Page MenuHomePhabricator

Add FSFileBackend (file) persistent storage
Closed, ResolvedPublic5 Estimated Story Points

Description

Add file caching to Phonos (similar to how the the Score extension caches files) β€” this might not be the final cache method, but will be reasonable to start

For Reference: https://gerrit.wikimedia.org/r/plugins/gitiles/mediawiki/extensions/Score/+/refs/heads/master/includes/Score.php#251

Event Timeline

  • How will the cache key be generated?
  • How are we going to invalidate a file?
  • Is a "last modified time" available for files?
  • Can we touch a file on retrieval?
    • If so, invalidation would be finding the "oldest" last modified file(s)
TheresNoTime renamed this task from Add file caching to Add FSFileBackend (file) caching.Aug 1 2022, 3:05 PM

Change 822459 had a related patch set uploaded (by MusikAnimal; author: MusikAnimal):

[mediawiki/extensions/Phonos@master] Add file caching, defaulting to FSFileBackend

https://gerrit.wikimedia.org/r/822459

While testing this, I had a thought: should we perhaps include in the json response a parameter to show it's using the cache instead of making a request? Something like:

{
  "phonos": {
    "ssml": "<speak><phoneme alphabet=\"ipa\" ph=\"h&#x259;&#x2C8;l&#x259;&#x28A;\">Hello</phoneme></speak>",
    "audioData": "...",
    "cached": true
  }
}

I can't think of a reason why, it just feels like one of those things which might be useful in the future

And as to the cache key generation, should we perhaps add a static salt config parameter (which we can set in PrivateSettings.php) to make it slightly more difficult to programmatically calculate these?

Change 822459 merged by jenkins-bot:

[mediawiki/extensions/Phonos@master] Add file caching, defaulting to FSFileBackend, and cleanup script

https://gerrit.wikimedia.org/r/822459

While testing this, I had a thought: should we perhaps include in the json response a parameter to show it's using the cache instead of making a request?

I can't think of a reason why, it just feels like one of those things which might be useful in the future

We could! I'm not aware of anywhere else we do this sort of thing, especially if there's no way to invalidate the cache.

And as to the cache key generation, should we perhaps add a static salt config parameter (which we can set in PrivateSettings.php) to make it slightly more difficult to programmatically calculate these?

The cache key generation is just to ensure we get a unique filesystem-safe name based on the params. I don't think we're concerned about someone programmatically trying to pull files, are we? If they wanted to do that, they could just use the Phonos API directly.
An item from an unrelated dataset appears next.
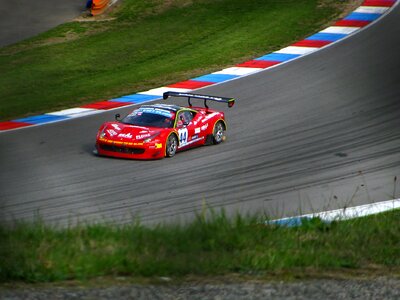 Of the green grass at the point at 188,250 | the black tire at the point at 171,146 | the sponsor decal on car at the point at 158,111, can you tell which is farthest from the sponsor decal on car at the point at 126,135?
the green grass at the point at 188,250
We could! I'm not aware of anywhere else we do this sort of thing, especially if there's no way to invalidate the cache.

Yeah, honestly I can't say anything more than "maybe helpful for debugging issues once it's deployed?" but I'm clutching at straws. No need to do it yet at the very least.
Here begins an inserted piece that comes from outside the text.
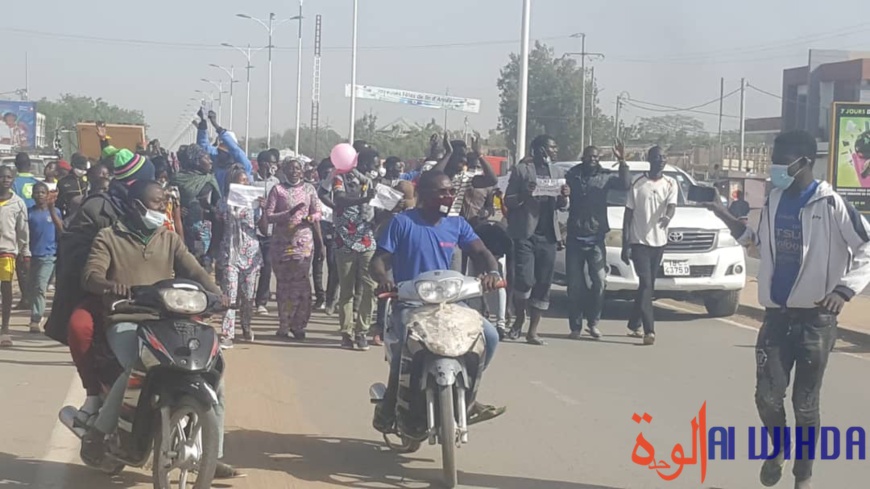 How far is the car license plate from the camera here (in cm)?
1338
The cache key generation is just to ensure we get a unique filesystem-safe name based on the params. I don't think we're concerned about someone programmatically trying to pull files, are we? If they wanted to do that, they could just use the Phonos API directly.
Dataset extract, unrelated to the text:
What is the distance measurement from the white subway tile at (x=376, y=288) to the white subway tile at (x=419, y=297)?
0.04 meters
Agreed, and it would just be a tiny bit of security through obscurity β€” just a thought given the Google ToS. While we can probably fairly easily rate limit the use of the API, pulling files directly would (maybe?) be a bit more difficult to rate limit.
Adding a salt feels like a low effort step which might prove to be slightly helpful with little to no negatives.

I've been testing this with using a different backend, with the AWS extension. Can't get it to work (because of what I think is a bug in the AWS extension: "error while validating the input provided for the HeadObject operation: [Bucket] is missing and is a required parameter"), but before I dig too far into it I'm just wondering if it's the intention of Phonos to store its files in whatever the default upload storage is β€” or whether it should to default to local and require specific configuration to set a different store? I feel like the former is the less surprising path, but the latter seems to be easier to build and is what we've got as of now.

(I'm not very familiar with FileRepo or FileBackend configurations.)

TheresNoTime renamed this task from Add FSFileBackend (file) caching to Add FSFileBackend (file) persistent storage.Aug 17 2022, 8:23 AM
dom_walden subscribed.

Testing locally, I see audio files stored in images/<wiki name>-phonos/. I checked that cached audio is played correctly on a wiki page (using the {{#phonos}} template).

The files are unique per engine, IPA, text and language. If a user changes the IPA, text or language they are using, it will get a new file from the IPA engine and cache that.

I tested the larynx, espeak and google engines.

I tried using $wgSharedUploadDirectory, but I don't think I could get it to work.

Test environment: local docker Phonos 0.1.0 (3ccf24e) 23:53, 17 August 2022.